The excerpt is taken from In Conversation with God by Francis Fernandez. May these words bless your journey today.
The Cross in the little things each day.
"Occasionally we will meet the Cross in some great difficulty, in a serious and painful illness, in an economic disaster, in the of a loved one…do not forget that being with Jesus means we shall most certainly come upon his Cross. When we abandon ourselves into God’s hands, He frequently permits us to taste sorrow, loneliness, opposition, slander, defamation, and ridicule, coming both from within and from without. This is because He wants to mould us into his own image and likeness. He even tolerates our being called lunatics and our being taken for fools.

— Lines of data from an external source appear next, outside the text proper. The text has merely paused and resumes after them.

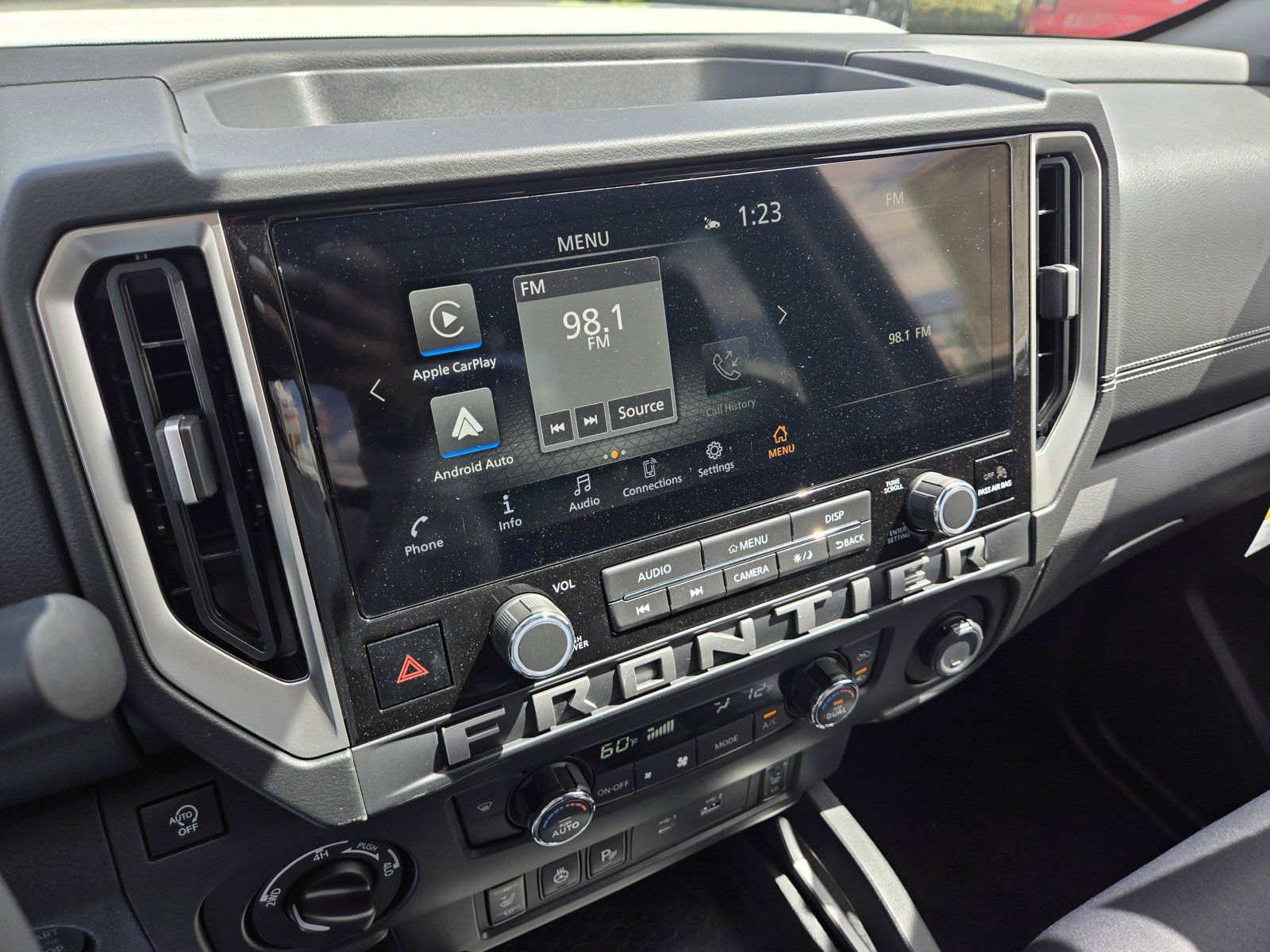 New 2026 Nissan Frontier SV w/ All-Weather Content Package AWD/4WD image 13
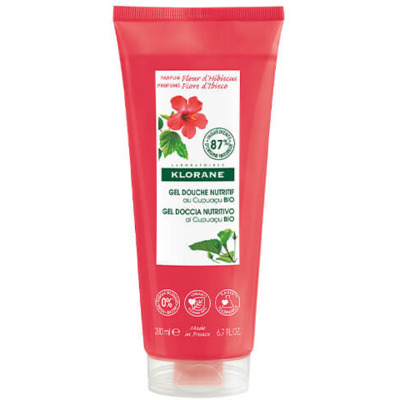 Gel Douche Fleur d'Hibiscus Klorane 200ml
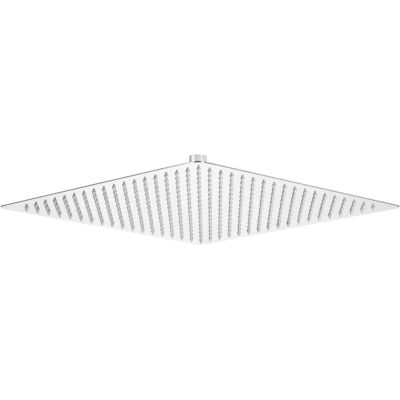Steel shower head DEANTE FLOKS NAC_006K 400x400mm chrome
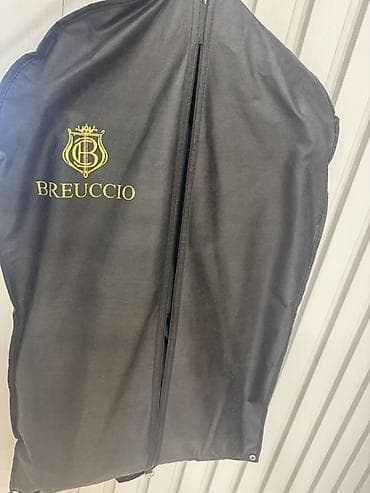 Костюмы: Костюм выпускной/деловой мужской бренда BREUCCIO Покупали в дордой — 5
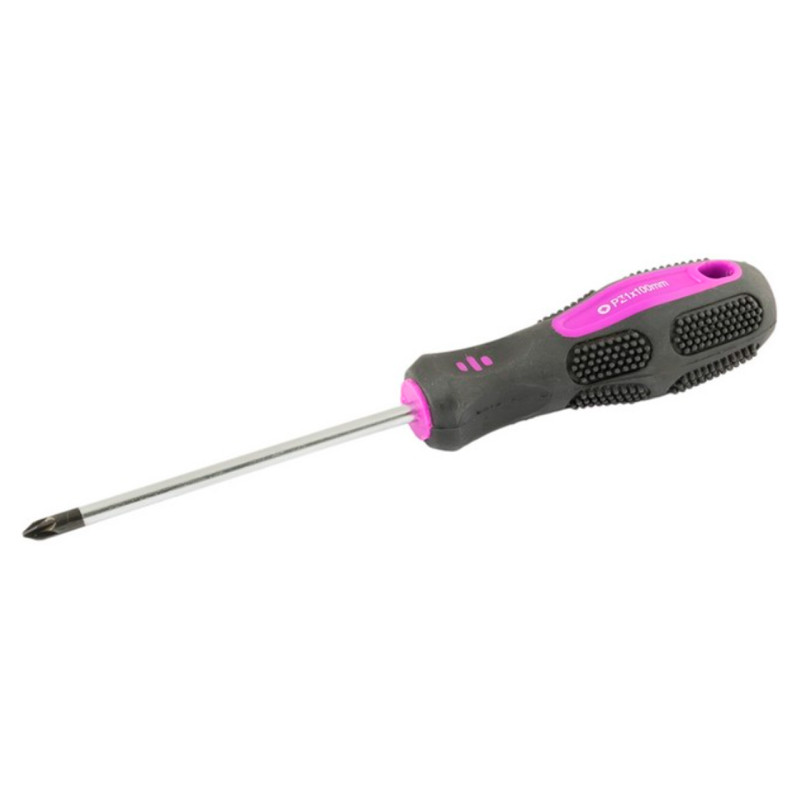 Отвертка Mastertool PZ1 x 100 мм (48-5710)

This is the time to love passive mortification, which comes, hidden perhaps, or barefaced and insolent, when we least expect it. Our Lord will give us the strength we need to carry that Cross with elegance and He will fill us with unimaginable graces and fruits. We will understand that God conveys his benedictions in many ways, and frequently blesses his friends by making them share in his Cross and making them co-redeemers with him.
However, we will normally find the Cross each day in the sort of petty annoyances that may occur at work, and which usually present themselves to us through people around us. It may be something unexpected, the difficult character of a person with whom we have to live, plans perhaps that have to be changed at the last minute, stubborn materials or instruments of work that fail us when we most need them. Discomfort, maybe caused by cold or heat, or noise…misunderstandings. A below-par seediness that impairs our efficiency on a particular day…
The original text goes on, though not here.